Resolution will require learning something, and something in a field the homemaker only rarely finds very interesting. When my blog software breaks, I experience a little entertainment when I'm describing the problem, written exclusively in allegory and inevitably describing in ways the help desk jockey or user forum reader will find offensive. I do not know the formal terms and so cannot make essential distinctions between, for instance, files and pages. Some troll will pounce on my inadvertent and inevitable error to chew a bite out of my ego, or try to. Even helpful advice can seem damned threatening. I'm wounded and bleeding out while my possible benefactors critique my grammar. BitRot makes for strange and unwanted bedfellows. Heaven help anyone reporting an interesting or unusual instance, for it might spark a passionate discussion filled with apparent irrelevance, largely intended to demonstrate how much smarter someone is.
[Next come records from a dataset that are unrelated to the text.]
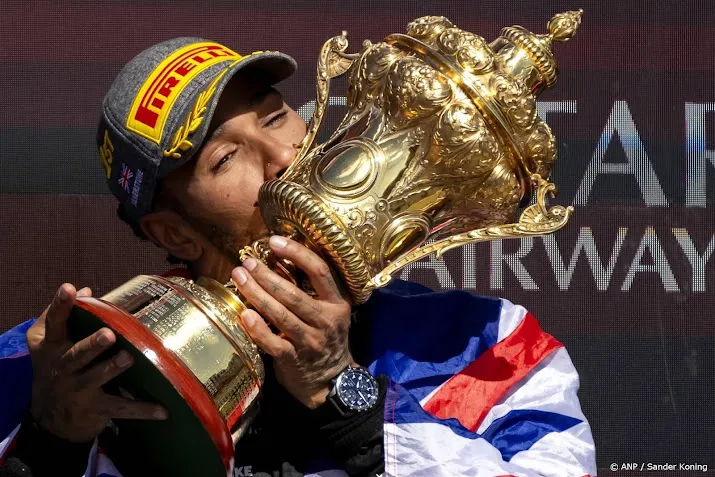 hamilton dankbaar na eerste f1 zege in 25 jaar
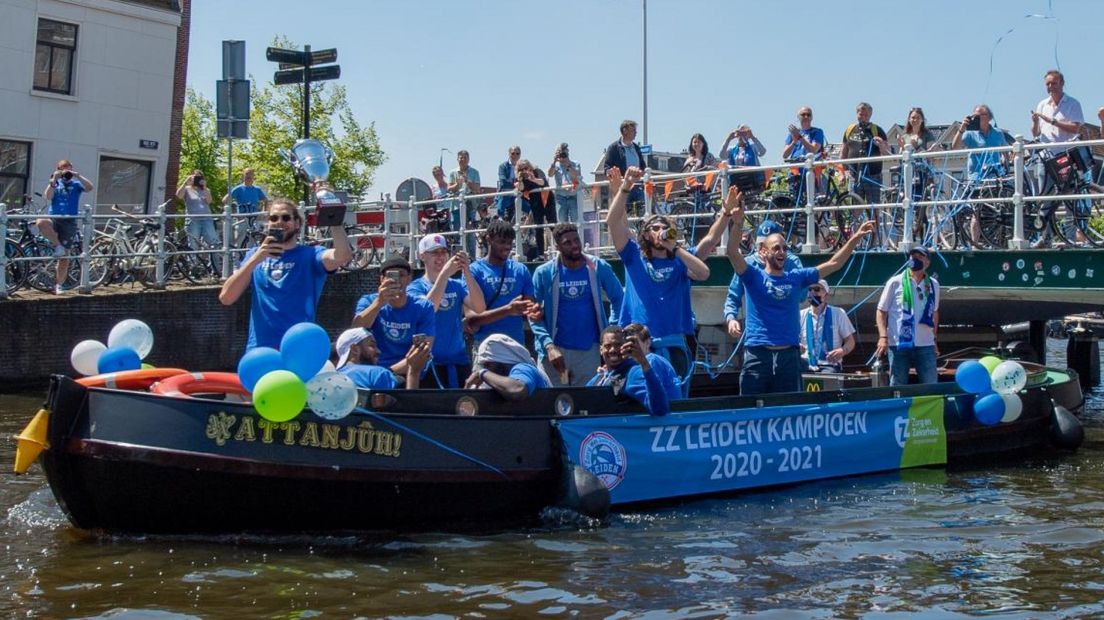 De spelers van ZZ Leiden laten zich toezingen vanaf sportpub The Duke
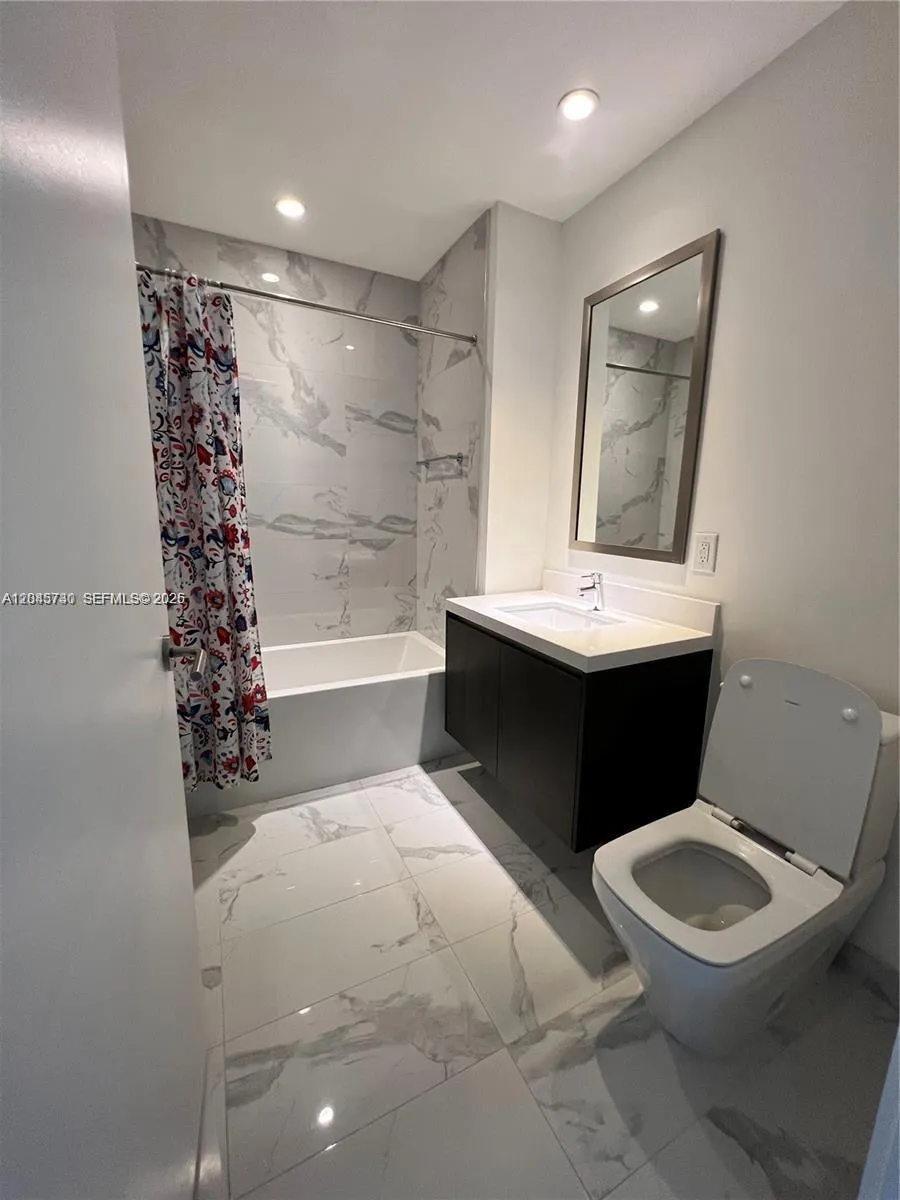 851 NE 1st Ave #1208 Miami, FL 33132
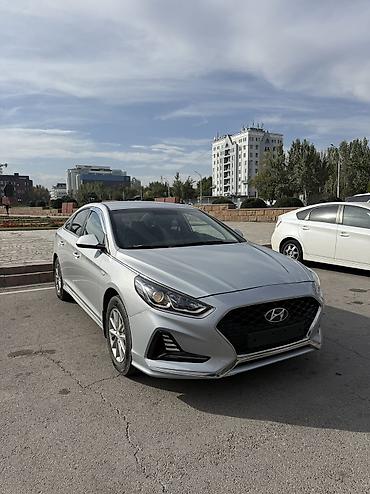 Hyundai Sonata: 2021 г., 2 л, Автомат, Бензин, Седан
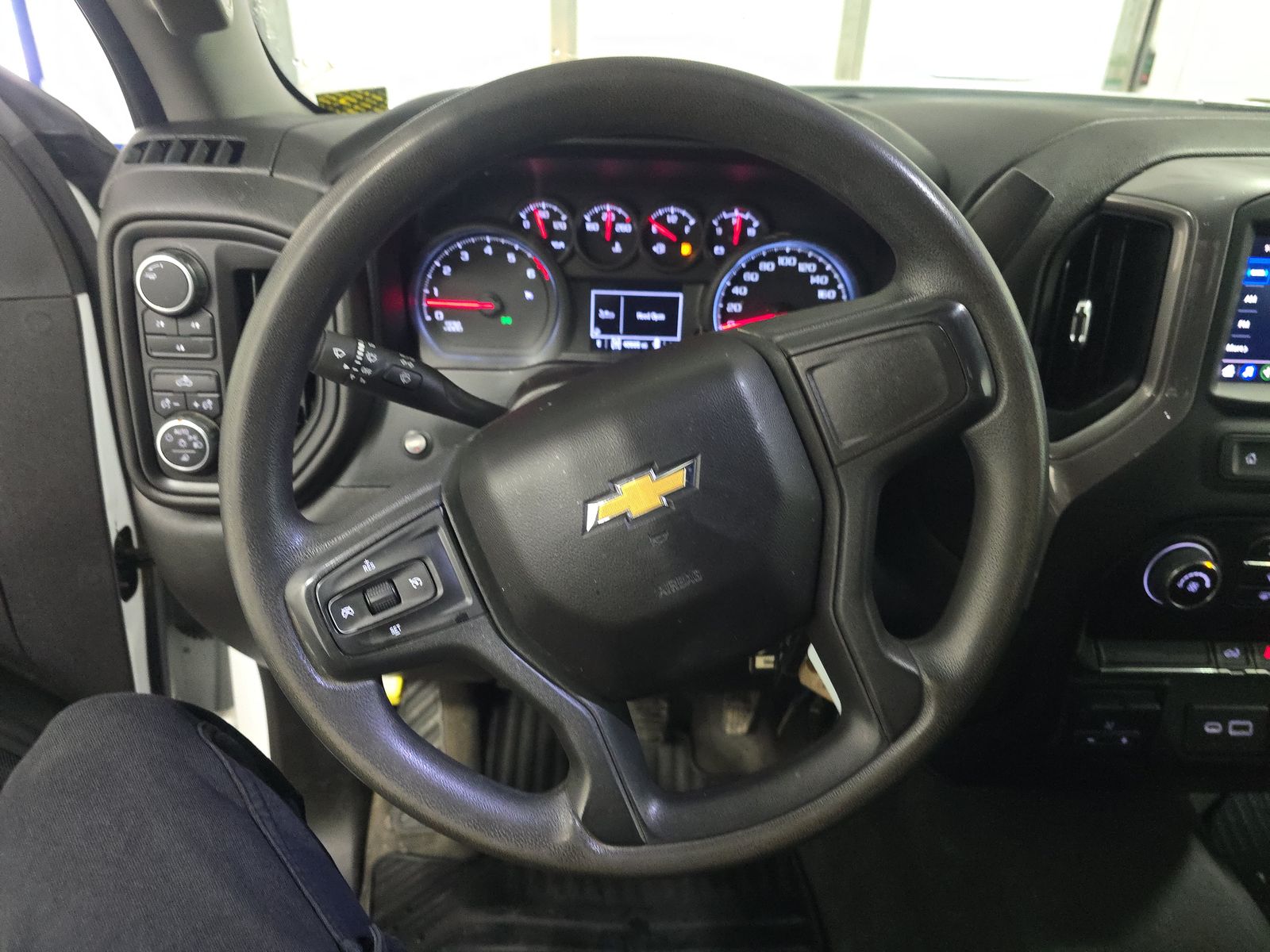 2022 Chevrolet Silverado 2500HD Custom AWD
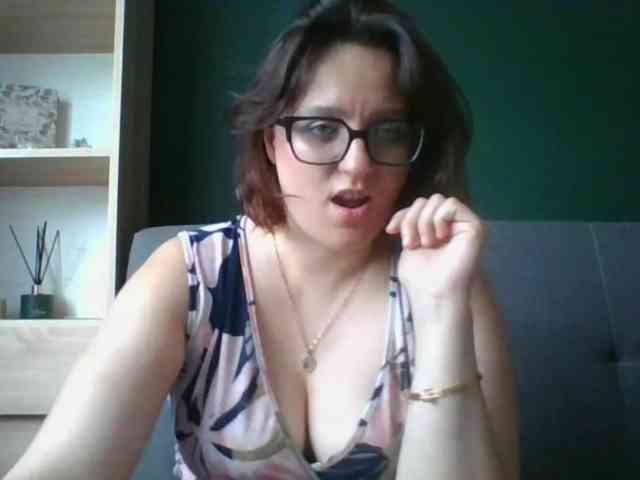 sensualParis webcam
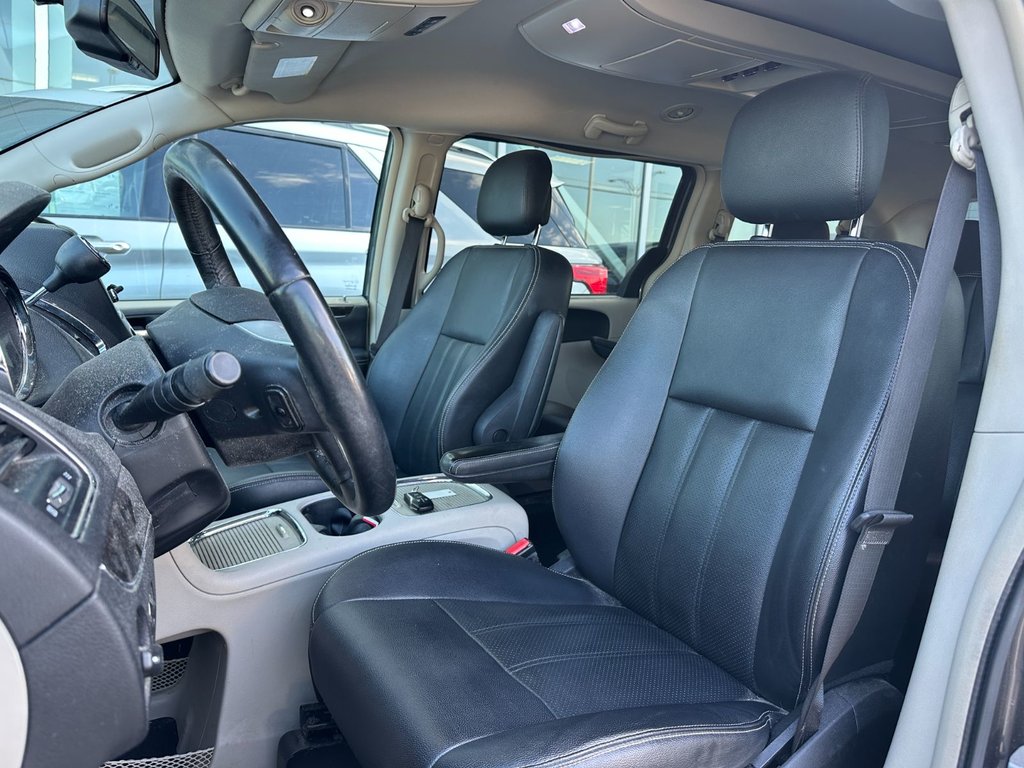 Chrysler Town & Country  2016 à Brossard, Québec - 11 - w1024h768px
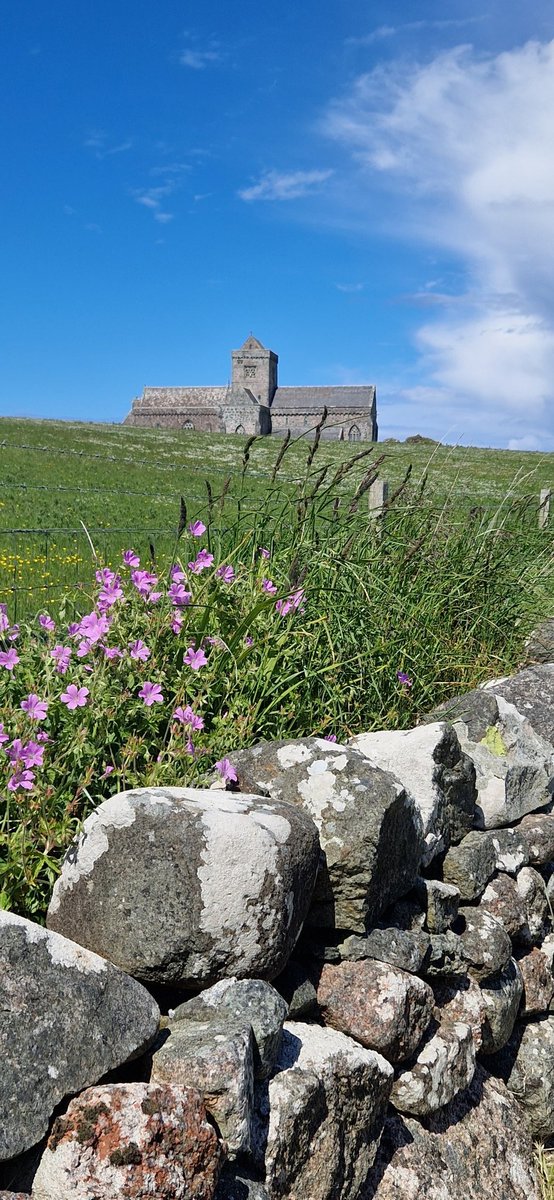 EileanIdhe's tweet photo. Join us for a stay over Easter on Iona at the Catholic House of Prayer! Sr Sally Hyland SJG &amp; Fr Bernard Fox MHM will be with us again to celebrate the Easter Triduum #easterplanning #lent #maketimeforyou #discernment #faithjourney #growth #Iona #CatholicTwitter #IsleOfIona ✝️ https://t.co/GnBbAJLFgO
Nothing falls apart simply because I'm stupid. I might well be stupid and have certainly shown how stupid I can be on a vast number of prior occasions, but my blog software did not fail due to my stupidity, and if it did, my acceptance of this fact will very likely not make it come back to operating normally. BitRot is first a mystery. It likely has no perpetrator. Its root cause is always entropy, a natural process which cannot be successfully avoided forever. It demands patience precisely when frustration might be peaking. It benefits from a light heart, even when the heart seems to be sinking. One day, the help desk might respond and shed some light on a possible resolution. Until then, my blog's dead in the water.